In contrast to a chemical vapour deposition (CVD) growth that occurs in a diffusion-mediated regime14 and so leads to formation of the thermodynamically stable phase only, liquid-phase growth appears to be dominated by the reaction kinetics thus allowing achieving the metastable phase. In the case of bulk WSe2, energy difference between 2H and 1T’ phases is as small as 0.27 eV per MX226, suggesting that the metastable phase can be directly grown under favourable synthetic conditions such as high monomer concentration (high supersaturation), when the monomer adsorption rate exceeds the dissolution rate and a kinetically driven growth of the metastable phase nuclei is favoured28. At high monomer concentration, nuclei critical size is notoriously small, and we cannot exclude that stable clusters of both 1T’ and 2H ‘phases’ may nucleate in solution. Second, zigzag chains running along [010] direction of the 1T’ phase are likely to propagate faster29, so out of two possibly competing reactions growth of the 1T’ phase along the [010] direction might be favourable over 2H as it may minimize the total surface energy.

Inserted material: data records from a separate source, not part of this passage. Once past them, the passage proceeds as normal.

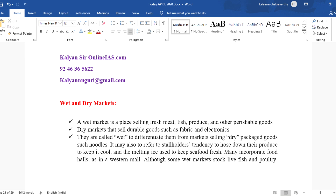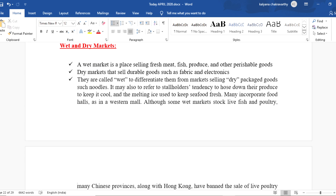A wet market is a place selling fresh meat, fish, produce, and other perishable goods. It is also a place where live animals are slaughtered and sold. Dry markets are those places where durable goods are sold, like fabric and electronics. Wet markets are called so to differentiate them from markets selling dry packaged goods such as noodles. It may also refer to stall holders' tendency to hose down their produce to keep it cool and the melting ice used to keep seafood fresh.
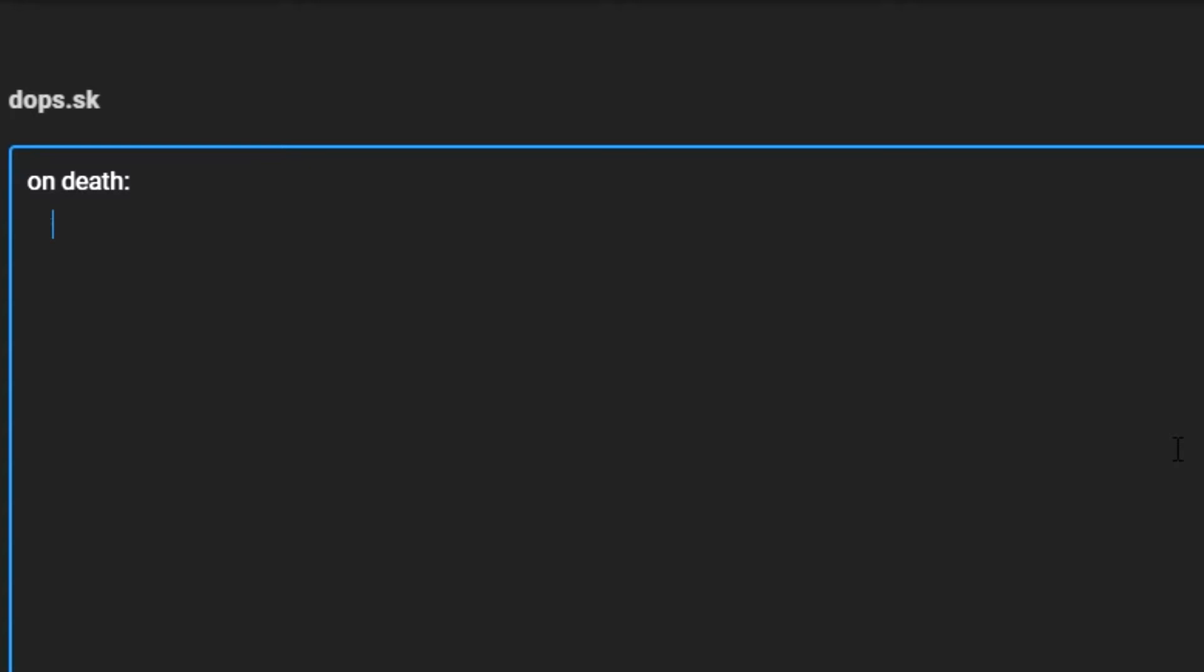Now we need to write victim is a creeper. It's a conditional that will only continue if the entity that died is a creeper. Obviously you can edit this to your own needs, a spider or even a player.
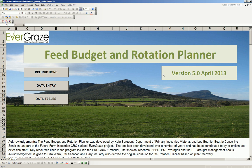Hi, my name is Kate Sargent from the Department of Primary Industries in Victoria. I'm the Evergrace Project Leader for the Future Farm Industry CRC. Today I'm going to show you how to use the Evergrace Feed Budget and Rotation Planner to develop a livestock ration for my ewes.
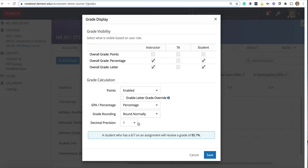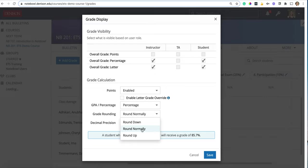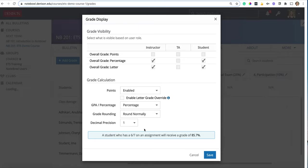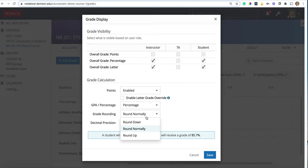Grade rounding and decimal precision. These are related to how fine-tuned you want your grades to go. So grade rounding normally is anything that is a 0.5 or above will go to the above. Anything that is below a 0.5 will go lower.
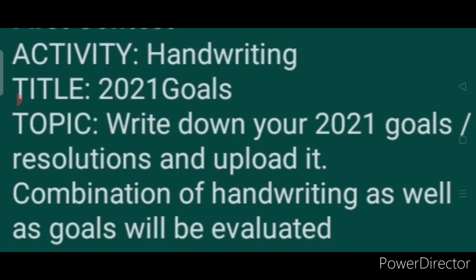First contest activity: Handwriting. Title: 2021 Goals. Topic: Write down your 2021 goals or resolutions and upload it. You can write down your goals and then upload it — a combination of handwriting as well as goals will be evaluated.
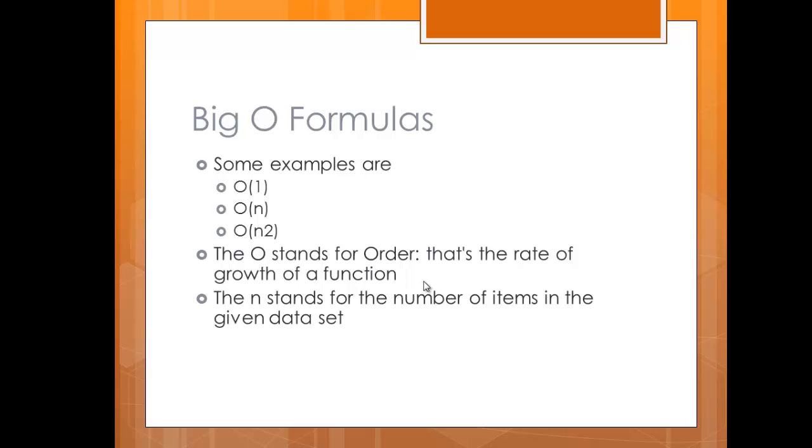The n stands for the number of items in your data set. So on the previous list, if you had four elements in an array, the n stands for four because you have four items you're trying to sort.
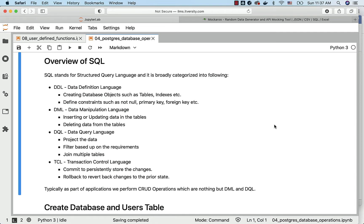DQL is primarily to get data from the tables. If it is for read-only purposes, then we call it DQL. We typically project the data, filter based upon the requirements, join tables, and perform aggregations and so forth.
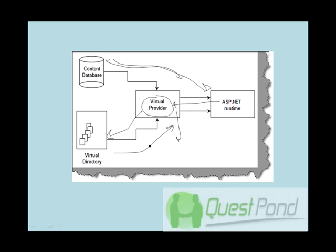So in this way we can say that when you talk about custom pages, they are stored in content database. When you talk about generalized pages which are not customized across sites, they are stored in virtual directory. We will see in the coming sessions why basically SharePoint has architected in this way where it stores the pages in the database. Because one of the things which must be coming in your mind is that if you store these kinds of data, the pages code data into databases and you parse it, won't it be inefficient?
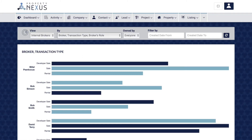The report in the internal brokers module gives you insight into everything to do with your internal brokers. The broker transaction type brokers role report shows you which party in a transaction your brokers represent for each transaction type. This is very insightful and may identify strengths or weaknesses in a broker's performance, giving you the ability to step in and train them accordingly.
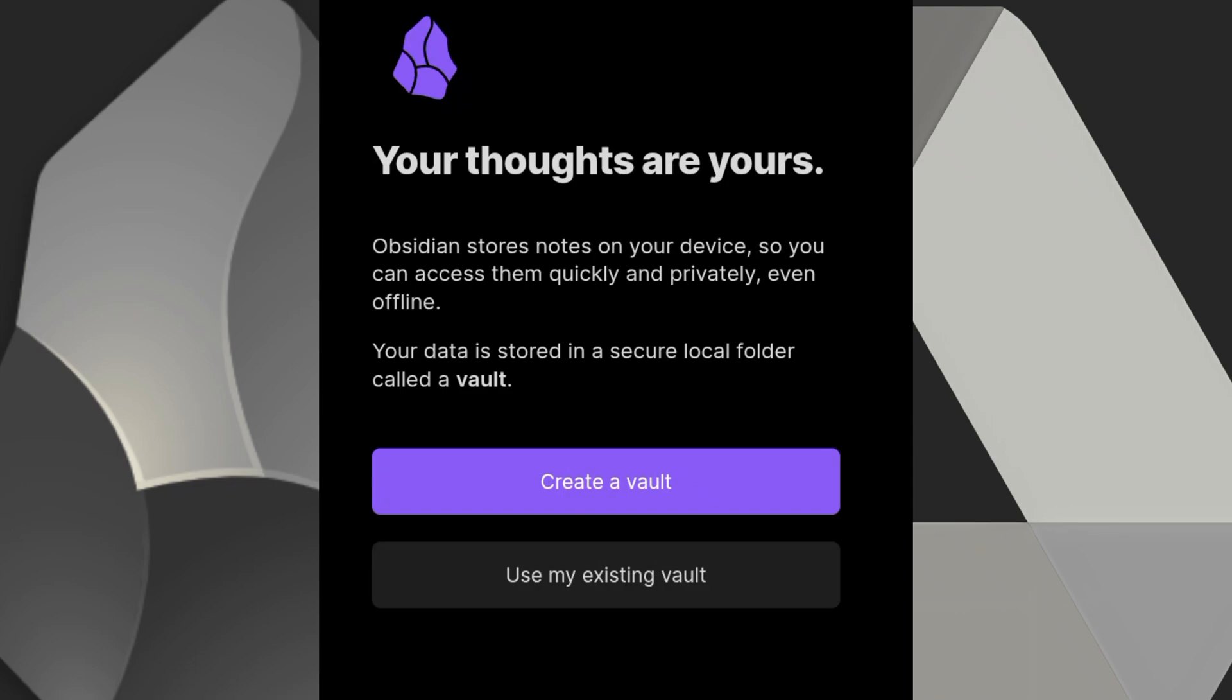Hi everyone, welcome back to our channel. I'm going to be walking you through how to sync Obsidian to Google Drive so you never lose your work. If you're new to Obsidian and want to keep your notes safe and synced across all your devices, today's video is for you. So let's get started.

Synthesis temperature reported here was kept not >300 °C as higher temperatures would lead to solvent boiling and lower temperatures would inhibit any nucleation and growth to occur. The fact that high supersaturation at synthesis temperature plays a key role in determining the formation of 1T’ phase is supported by the evidence that the phase obtained is unaffected by the use of different precursors of tungsten and selenium, by changing coordinating solvent or the synthesis time (between 3 and 15 h) as summarised in Supplementary Figs. 4–6. Specifically, changing from strongly binding OlAc to a weaker coordinating oleylamine (OlAm) solvent, variation of selenium (from less active TOP:Se to more active elemental Se) and tungsten (from less active W(CO)6 to more active WCl6) precursor reactivity and additional activation of tungsten precursor by complexing with additives (hexamethyldisilazane and tetradecylphosphonic acid) consistently led to the formation of the metastable 1T’ phase and to negligible changes in the morphology. The least active tungsten carbonyl and the most active elemental selenium yield the highest-quality WSe2 nanoflowers. Furthermore, crystallisation in the metastable 1T’ phase with metal chains running through the structure can potentially explain the formation of branched structures themselves. Branched morphology has been reported for the 1T’ ReS2 nanosheets where distortion in the metal sublattice was suggested to facilitate adsorption of Re atom at the Re-Re metal bond leaving highly reactive under-coordinated chalcogen atom that served as a nucleation site for the growth in the direction perpendicular to the surface of 1T’ ReS2 nanosheet30.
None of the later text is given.